De l’importance de la célébration tournante


En outre, de nouvelles initiatives continuent de voir le jour. Parmi elles, la semaine scolaire d’éducation à la citoyenneté dont la première édition s’est déroulée, du 24 au 28 octobre 2016 avec au programme, des conférences-débats, des panels, des débats télévisés et des formations au profit des enseignants. L’édition 2017 a eu lieu, du 23 au 29 octobre, sur le thème : « Les élèves comme principaux acteurs du civisme : comment y parvenir ? ».

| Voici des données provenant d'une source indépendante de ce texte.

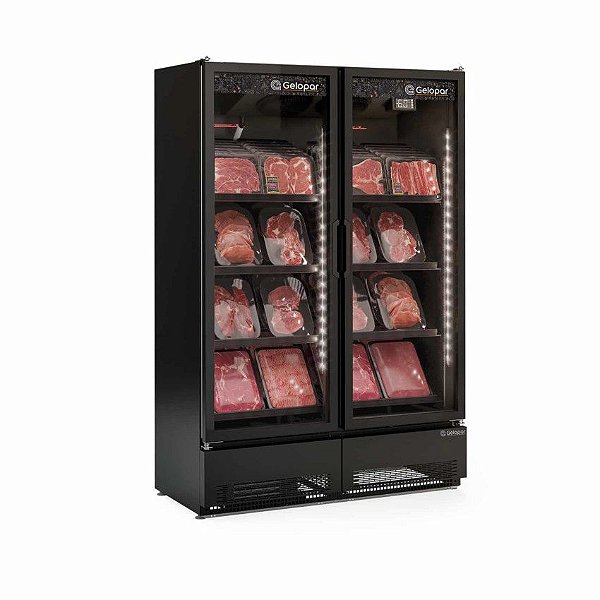 Expositor Vertical Linha Carbono 2 Portas Gcbc950cb Gelopar Refrigerador 957 Litros All Black 220v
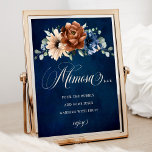 Terracotta Navy Blue Brautparty Mimosa Bar Sign Poster<br><div class="desc">Elegantes Navy Blau,  Terracotta ,  Orange erthy floral Thema Hochzeit / Brautparty mimosa Bar Schild mit elegantem Bouquet von Navy Blau,  Terracotta Farbe Rose Ponys und grüne eucalyptus Blätter. Bitte kontaktieren Sie mich für Hilfe bei der Anpassung oder wenn Sie ein anderes Produkt mit diesem Design benötigen.</div>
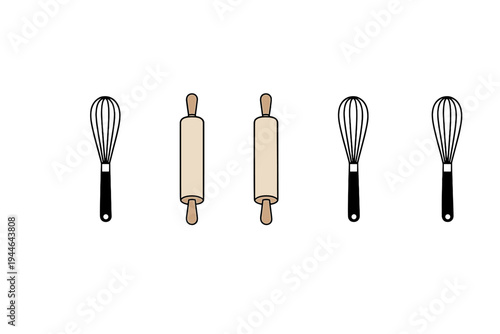 A horizontal row of five kitchen tools including three whisks and two rolling pins illustrated in a simple tan and black style against a solid black background.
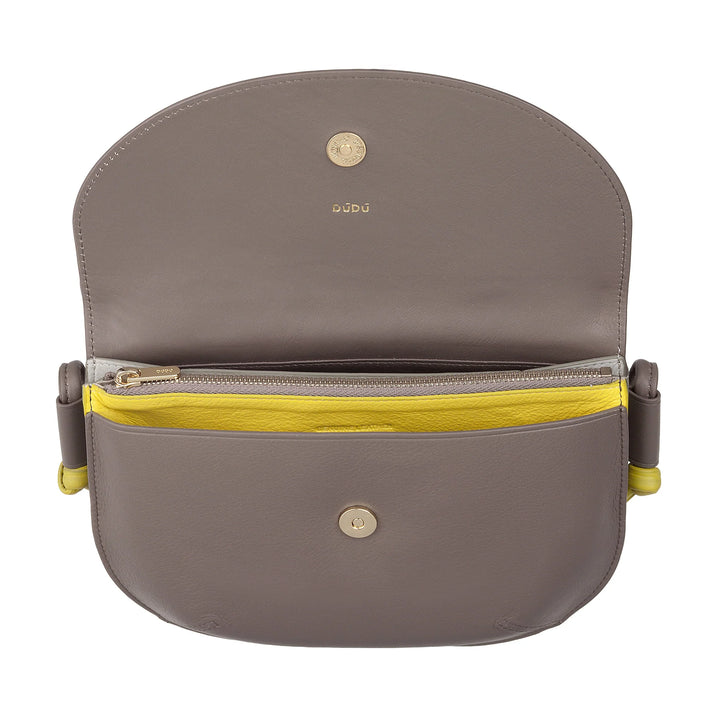 DUDU Borsa Donna a Tracolla con Patta in Vera Pelle, Piccola Borsetta a Spalla con Pattina a Bottone Magnetico, Borsa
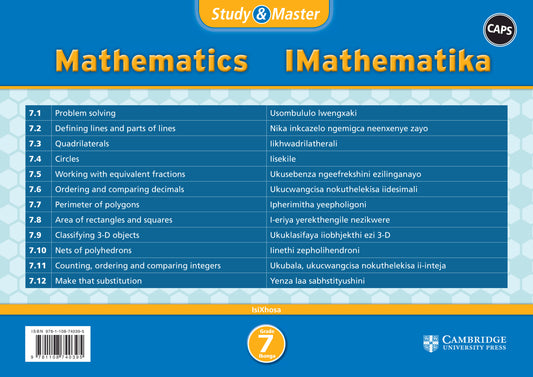 Study & Master IMathematika Ibanga 7 (poster pack - 12 posters in carry case) ISBN/SKU:9781108740395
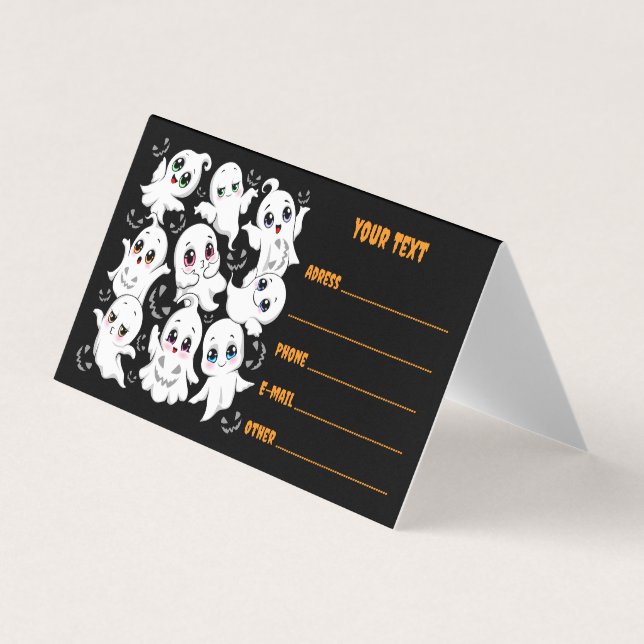 Baby Ghosts Spooky Cute Halloween Mood Business Card (Front)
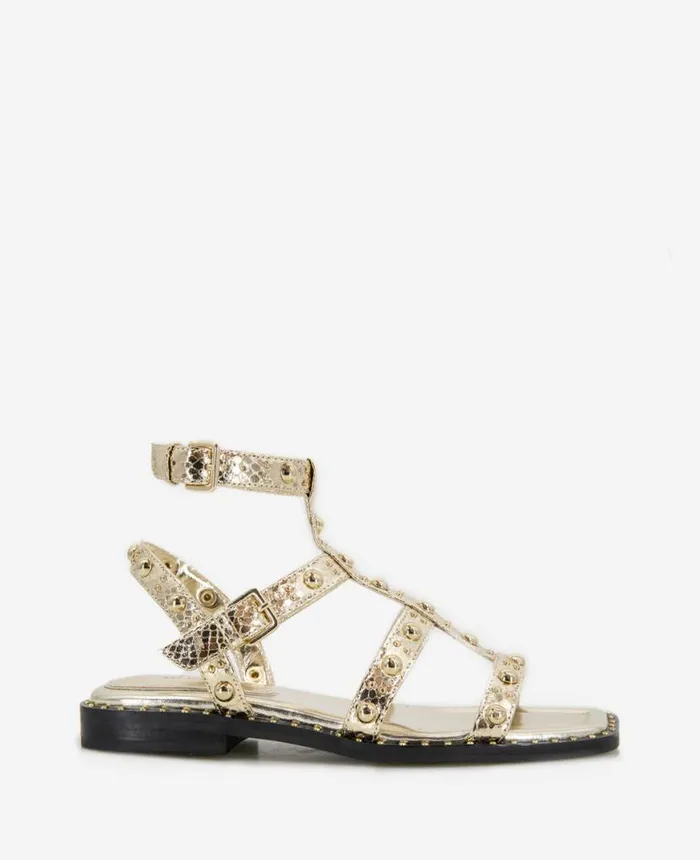 Sandals and Wedges Women Kenneth Cole Ruby Studded Gladiator Flat Sandal Gold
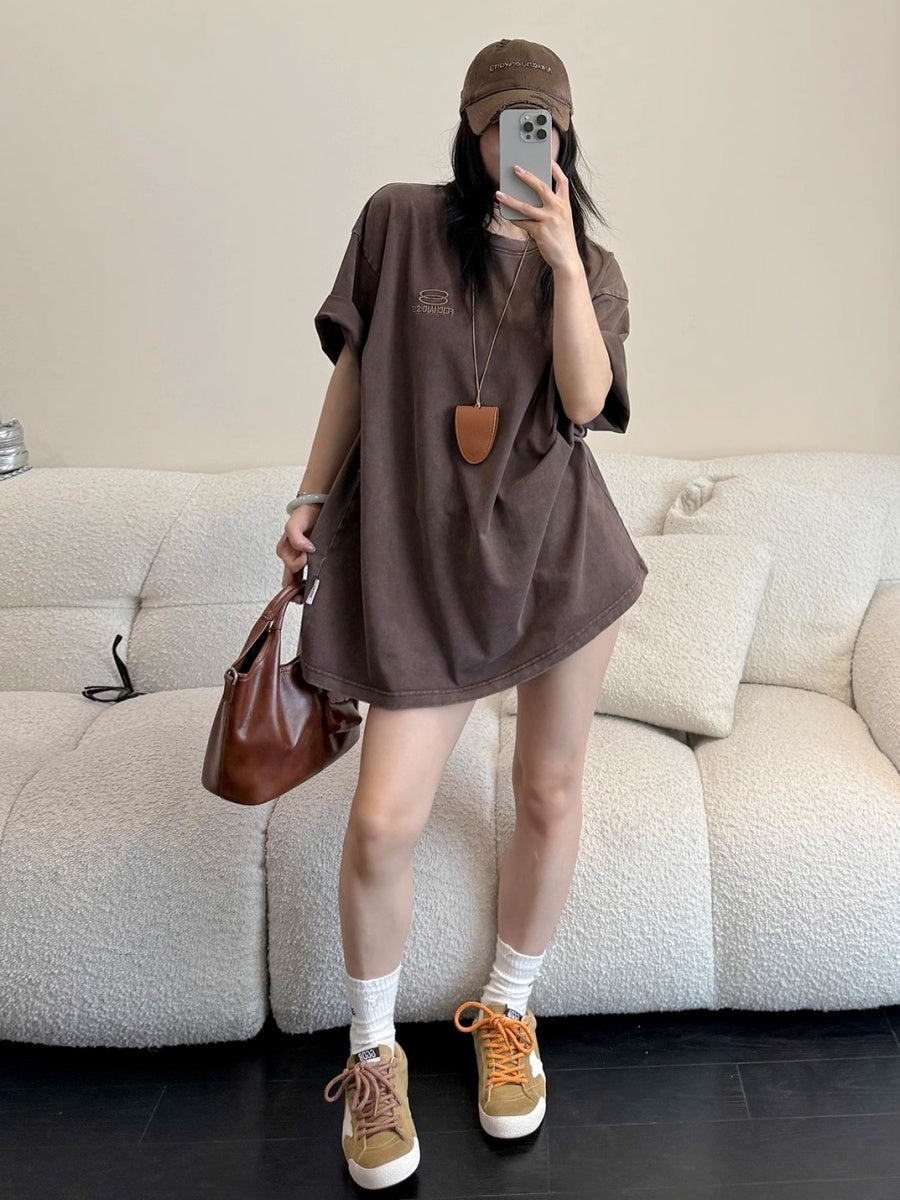 Wash Distressed Embroidery Loose T-shirt OS2013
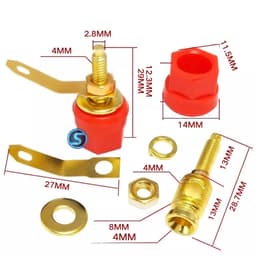 ( 1 Cặp ) Jack đấu loa, cọc loa, mạ vàng nhựa. 4
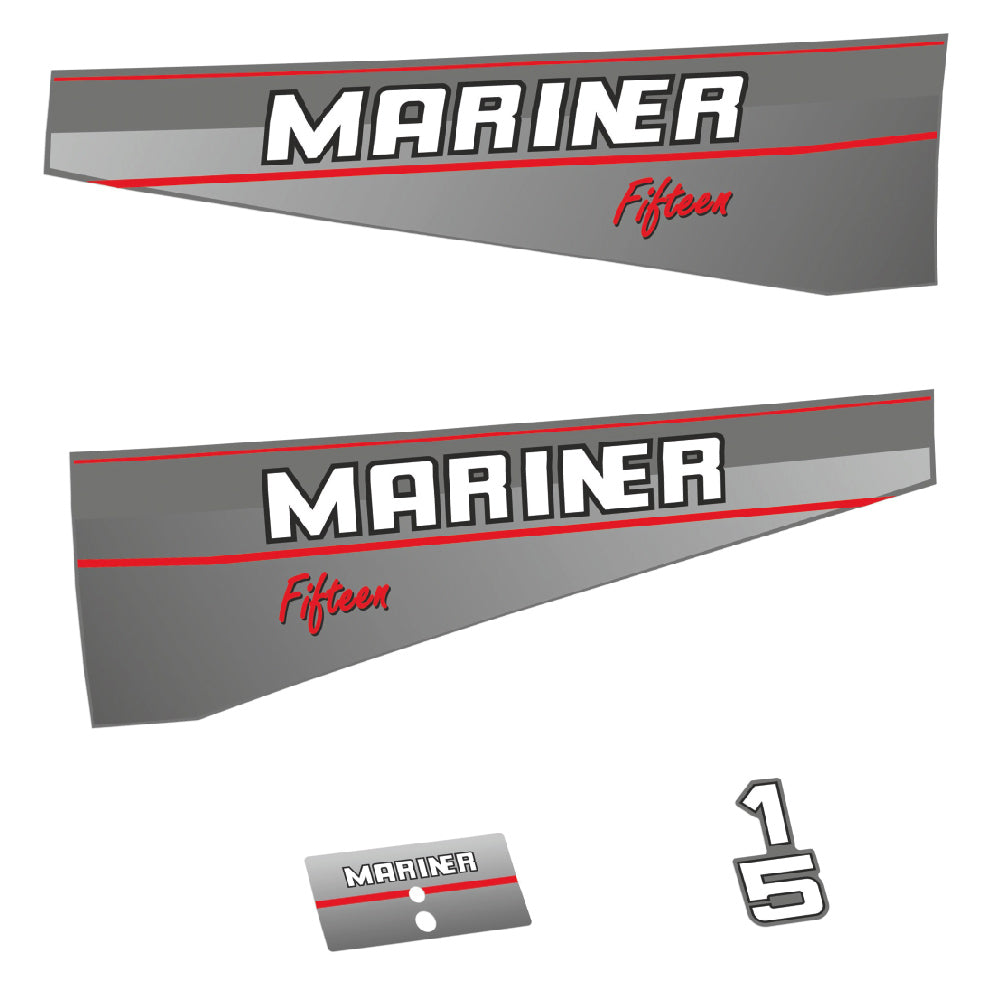 Mariner 15HK 2-takt 1991-1996 Påhängsmotorn Dekaler – Vinyldekalset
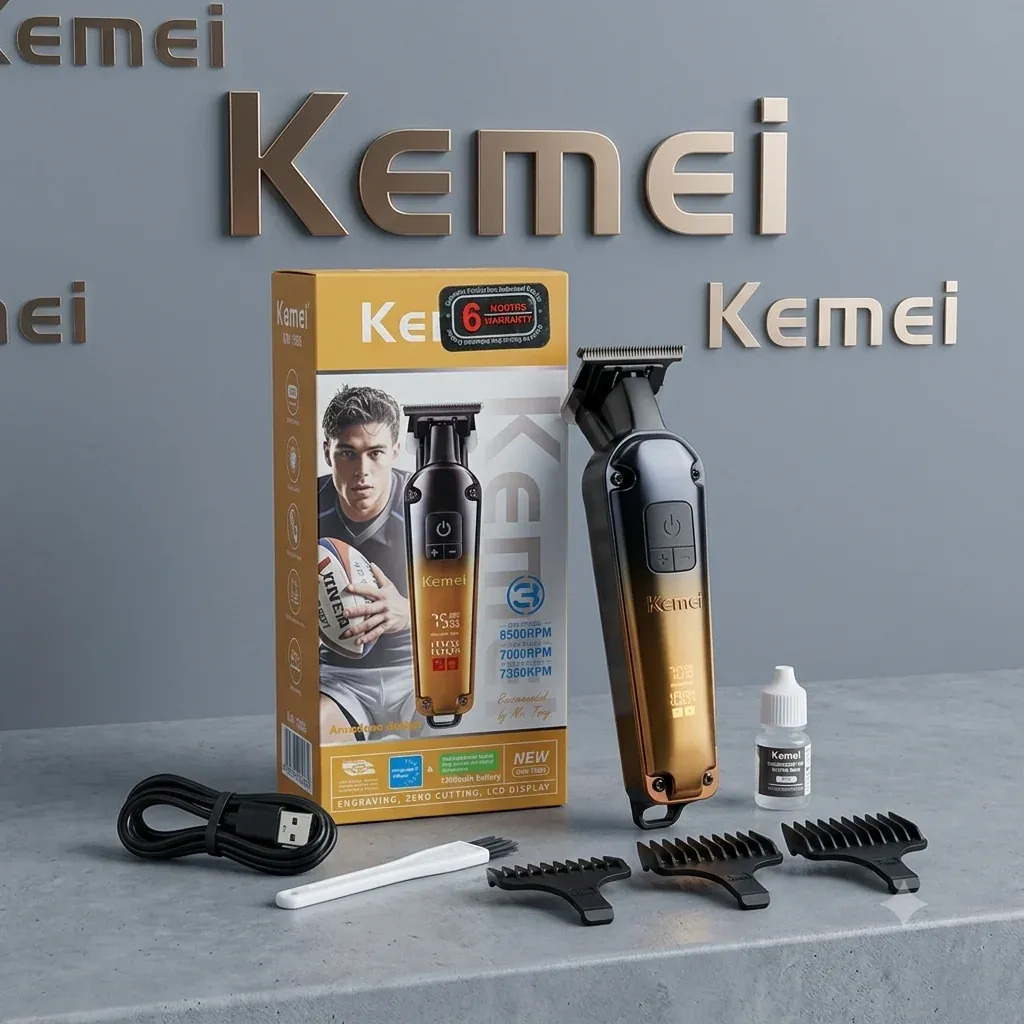 Tondeuse Professionnelle Sans Fil À Lame Inox Et Écran LED Kemei KM-1866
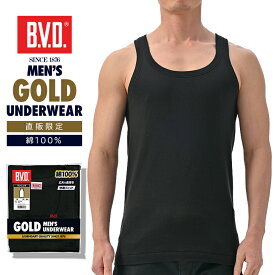 【100円OFFクーポン】B.V.D. GOLD ブラック タンクトップ ランニング TOUGH NECK 綿100％ （M/L/LL）単品 インナーシャツ メンズ下着 肌着 無地 男性 黒 コットン　GF025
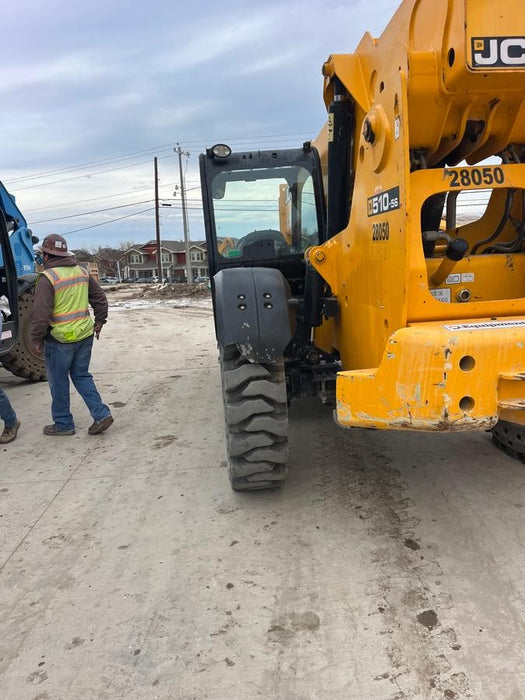 2019 JCB 510-56 Open ROPS, 74 HP, Solid Tires, Worklights, Beacon, Aux Hydraulics, Lifting Eye 60" Carriage/60" Forks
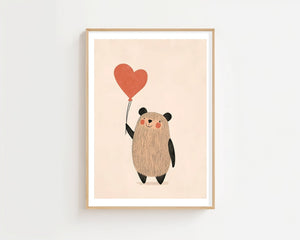 Bear With Heart Balloon Plakat - 21 x 29.7 cm (A4) - Nellastore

L’on perçoit donc que le thème du 57e anniversaire de l’indépendance cadre avec l’actualité au pays des Hommes intègres. Cependant, au-delà de la célébration de l’anniversaire de l’indépendance, nombreux sont ceux-là qui continuent de se questionner sur l’intérêt de sa rotation dans les chefs-lieux de région. Qu’à cela ne tienne, l’on retient qu’en 2008, lorsque le gouvernement adoptait la célébration annuelle tournante, en commençant par Fada N’Gourma, dans la région de l’Est, son objectif était d’offrir l’occasion aux villes secondaires d’obtenir des infrastructures socioéconomiques, afin de les aider à booster leur développement. Ce qui a permis effectivement aux villes-hôtes de bénéficier de plusieurs infrastructures. En ce qui concerne les réalisations traditionnelles, l’on peut évoquer les cités des régions, les stades, les « auberges du 11-Décembre », les aérodromes, le bitumage de rues, les « pied-à-terre » du président du Faso, les salles polyvalentes. A cela s’ajoute la réfection de places publiques dites Places de l’unité et d’autres constructions faites par des particuliers. Il est donc clair que même s’il faut réorienter les constructions sur la base des leçons tirées de l’exploitation et de l’entretien des infrastructures réalisées dans les premières régions-hôtes, l’idée semble profiter aux populations accueillant la fête du 11-Décembre.
Déjà, huit régions sur les 13 ont été servies. Pour celles qui restent, après le Sud-Ouest cette année, ce sera le tour du Centre-Sud (Manga) en 2018, du Centre-Est (Tenkodogo) en 2019, des Cascades (Banfora) en 2020 et du Plateau central (Ziniaré) en 2021 pour boucler la boucle.